Harmonic Inc. (NASDAQ: HLIT) a leading provider of broadcast and on-demand video delivery solutions, today announced that it has completed the acquisition of Scopus Video Networks Ltd. (NASDAQ: SCOP) for $5.62 per share in cash, which represents an enterprise value of approximately $50 million, net of Scopus’ cash and short-term investments. The acquisition strengthens Harmonic’s technology and market leadership, particularly in the broadcast contribution and distribution markets, in addition to increasing the global customer base. Scopus’ customers will be supported by the expanded regional Harmonic sales and support teams, and through channel partners.
Harmonic continues to expect cost synergies of $8-10 million on an annualized basis once Scopus becomes fully integrated into the existing Harmonic organization and management structure. The transaction is expected to be accretive to Harmonic’s non-GAAP earnings in 2009, exclusive of the amortization of intangibles and non-recurring charges such as restructuring and transaction costs. Harmonic will determine the appropriate purchase accounting for the transaction upon closing its first quarter of 2009 and, accordingly, cannot reasonably estimate the impact on GAAP earnings at this time. See “Use of Non-GAAP Financial Measures” below.
EDITOR’S NOTE – Product and company names used herein are trademarks or registered trademarks of their respective owners.

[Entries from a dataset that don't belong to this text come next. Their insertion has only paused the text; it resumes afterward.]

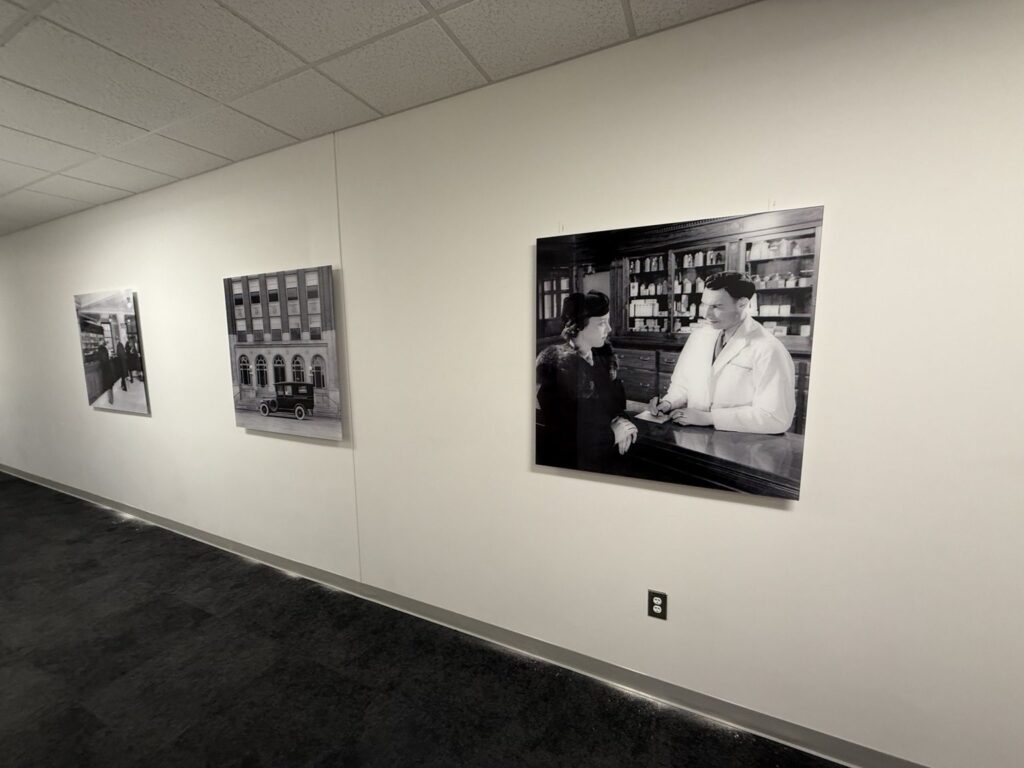 Three large black-and-white photographic panels installed along a white hallway wall, including an old pharmacy scene and historic building.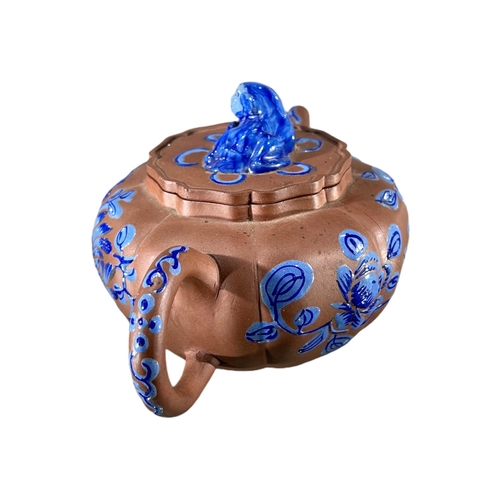 144 - A CHINESE YIXING CLAY TEAPOT WITH BLUE ENAMELLED DECORATIONShowing blue floral decoration and Dog of... 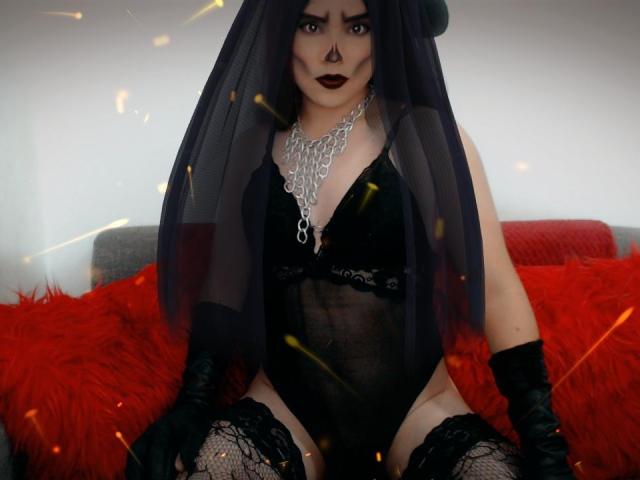 CamilaFetishDirty with dark makeup, black sheer veil, black lace lingerie, black gloves, and lace stockings, sitting on red fluffy pillows, showing her ass and black fishnet stockings.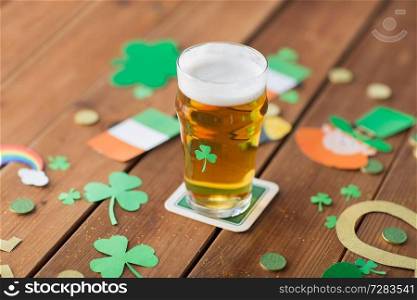 st patricks day, holidays and celebration concept - glass of draft light beer, shamrock, gold coins and other party props on wooden table. glass of beer and st patricks day party props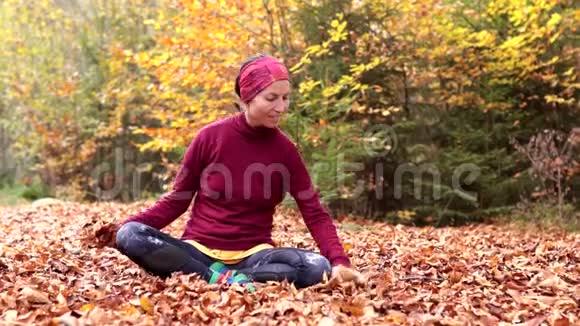 一个年轻的女孩坐在森林的空地上兴高采烈地抛出黄色的叶子视频的预览图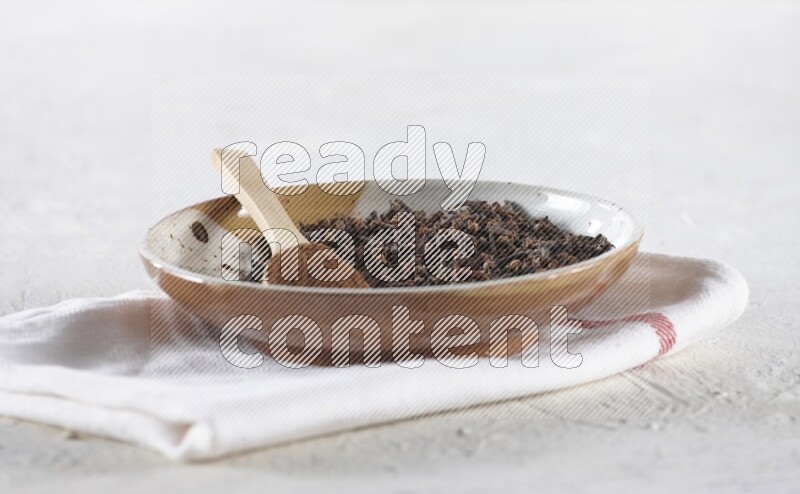 A Pottery plate full of whole cloves and a wooden spoon full of cloves powder in it on a textured white background
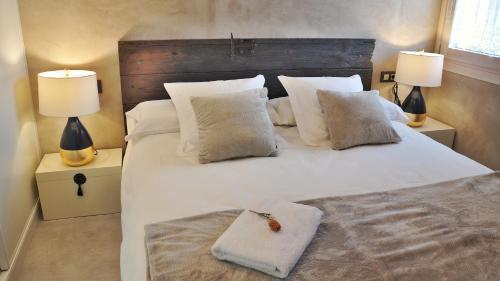 圣洛伦索-德莫鲁尼斯Casa Rural Cirerer的一间卧室配有一张带两盏灯的大型白色床。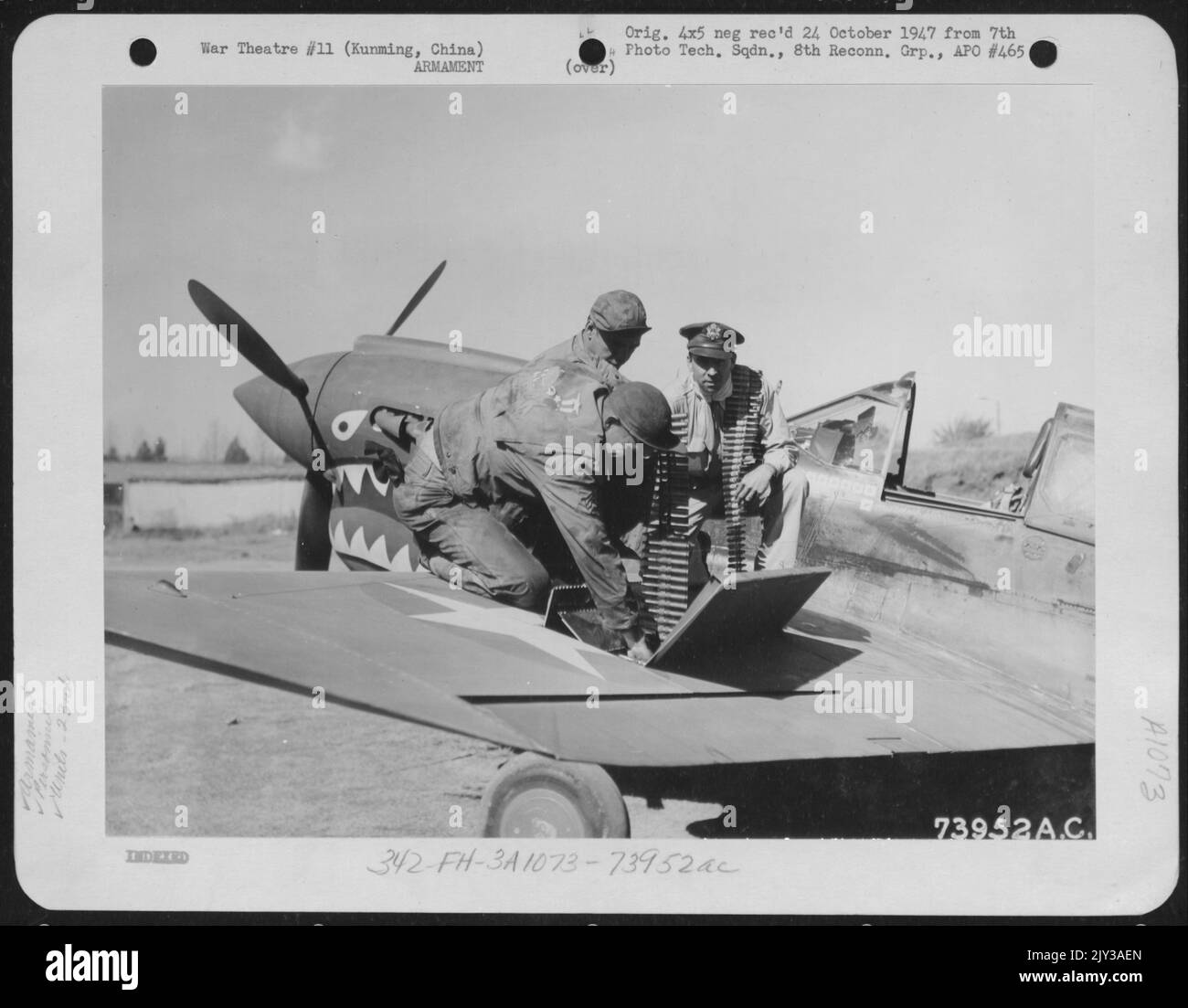 Le colonel Robert L. Scott, Jr. (Macon, Géorgie) du 23rd Fighter Group, aide le S/Sgt. R. Fuller du Texas et Sgt. J. Teague, de la Follette, Tennessee, charge ses armes avant la dernière chasse japonaise du colonel Scott avant de quitter Kunming, en Chine, pour les États-Unis Banque D'Images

Harmonic Inc. is a leading provider of versatile and high performance video solutions that enable service providers to efficiently deliver the next generation of broadcast and on-demand services including high definition, video-on-demand, network personal video recording and time-shifted TV. Cable, satellite, broadcast and telecom service providers can increase revenues and lower operational expenditures by using Harmonic’s digital video, broadband optical access and software solutions to offer consumers the compelling and personalized viewing experience that is driving the business models of the future.
Harmonic (NASDAQ: HLIT) is headquartered in Sunnyvale, California with R&D, sales and system integration centers worldwide. The Company’s customers, including many of the world’s largest communications providers, deliver services in virtually every country. Visit www.harmonicinc.com for more information.

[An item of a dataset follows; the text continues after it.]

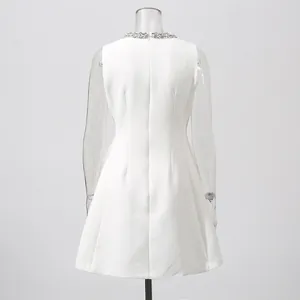 Elegant white sleeveless mini dress with rhinestone embellished collar detail.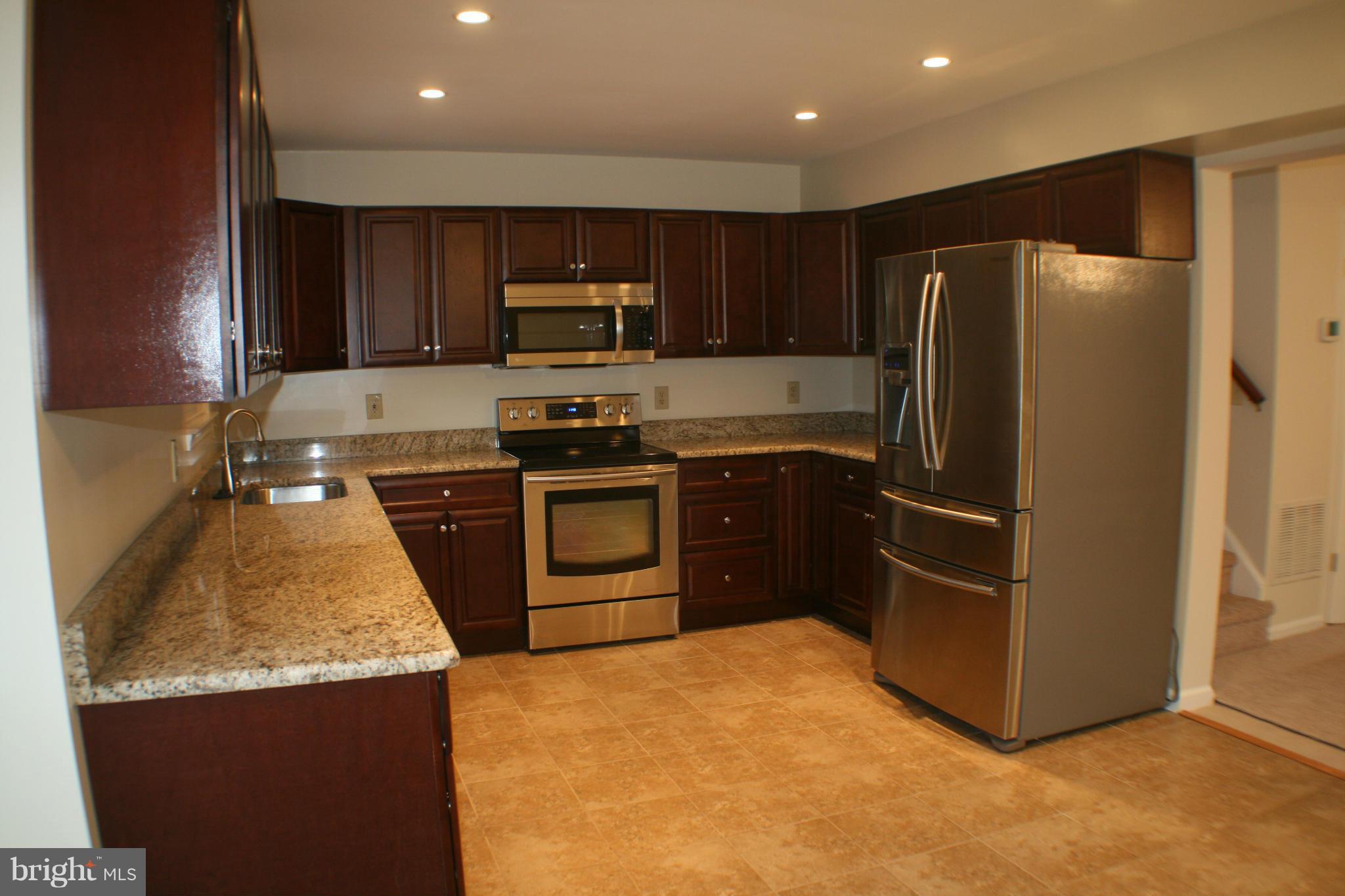 13930 Baton Rouge Court Centreville, VA 20121 - Photo 26 of 26 a kitchen with stainless steel appliances granite countertop a refrigerator a stove a sink and a microwave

Use of Non-GAAP Financial Measures
In establishing operating budgets, managing its business performance, and setting internal measurement targets, Harmonic excludes a number of items required by GAAP. Management believes that these accounting charges and credits, which are non-cash or non-recurring in nature, are not useful in managing its operations and business. Historically, Harmonic has also publicly presented these supplemental non-GAAP financial measures in order to assist the investment community to see Harmonic “through the eyes of management,” and thereby enhance understanding of its operating performance. The presentation of non-GAAP information is not intended to be considered in isolation or as a substitute for results prepared in accordance with GAAP and is not necessarily comparable to non-GAAP results published by other companies.

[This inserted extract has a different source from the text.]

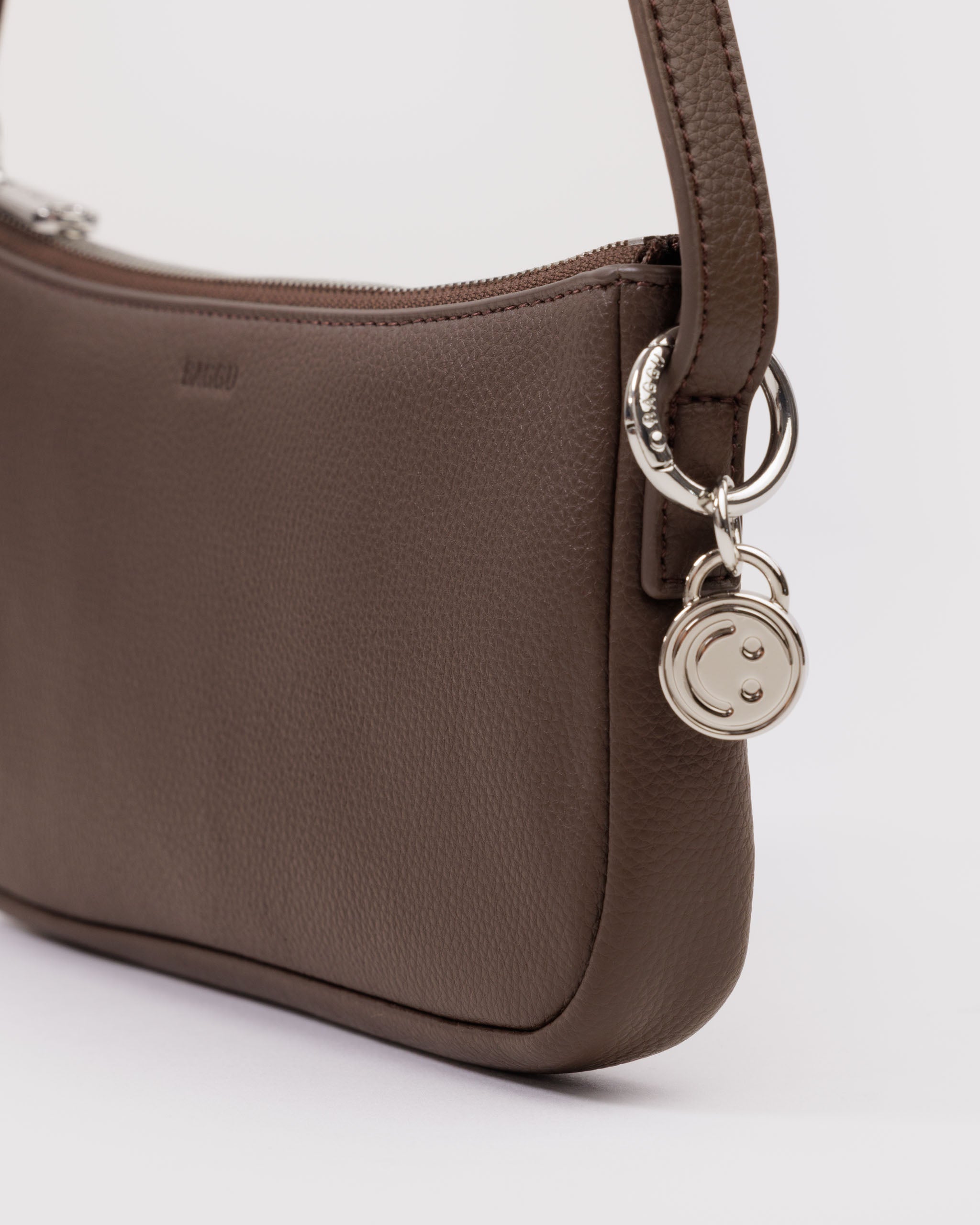 Brown leather handbag with a metal silver smiley face bag charm attached to shoulder strap by a BAGGU branded metal silver ring.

Some of the statements contained in this release are forward-looking statements within the meaning of Section 27A of the Securities Act of 1933, as amended, and Section 21E of the Securities Exchange Act of 1934, as amended, which statements involve risks, uncertainties and assumptions, including those regarding Harmonic’s expectation that the acquisition will strengthen its technology and market leadership, particularly in broadcast contribution and distribution markets and increase its global customer base; Harmonic’s expectations that Scopus’ customers will be supported by the expanded regional sales and support teams, and through channel partners; and Harmonic’s expectations regarding cost synergies and the impact on earnings related to the acquisition. These statements are based on the current expectations or beliefs of management of Harmonic and are subject to uncertainty and changes in circumstances that, if they were to never materialize or prove incorrect, could cause actual results to differ materially from those projected, expressed or implied in the forward-looking statements. Factors that could cause Harmonic’s actual results or outcomes, levels of activity, performance or achievements, including the realization of expected financial and other effects of the acquisition, to be materially different from those anticipated in this release include among others, the inability to integrate successfully Scopus within Harmonic or to realize synergies from such integration; costs related to the acquisition of Scopus; the economic environment of the industries in which Harmonic and Scopus operate; and other factors affecting the operation of the respective businesses of Harmonic and Scopus. More detailed information about these factors are described in Harmonic’s filings with the SEC including its annual report on Form 10-K for the year ended December 31, 2008, and its Current Reports on Form 8-K. All forward-looking statements included in this release are based on information available to Harmonic on the date thereof, and Harmonic assumes no obligation to update any such forward-looking statements.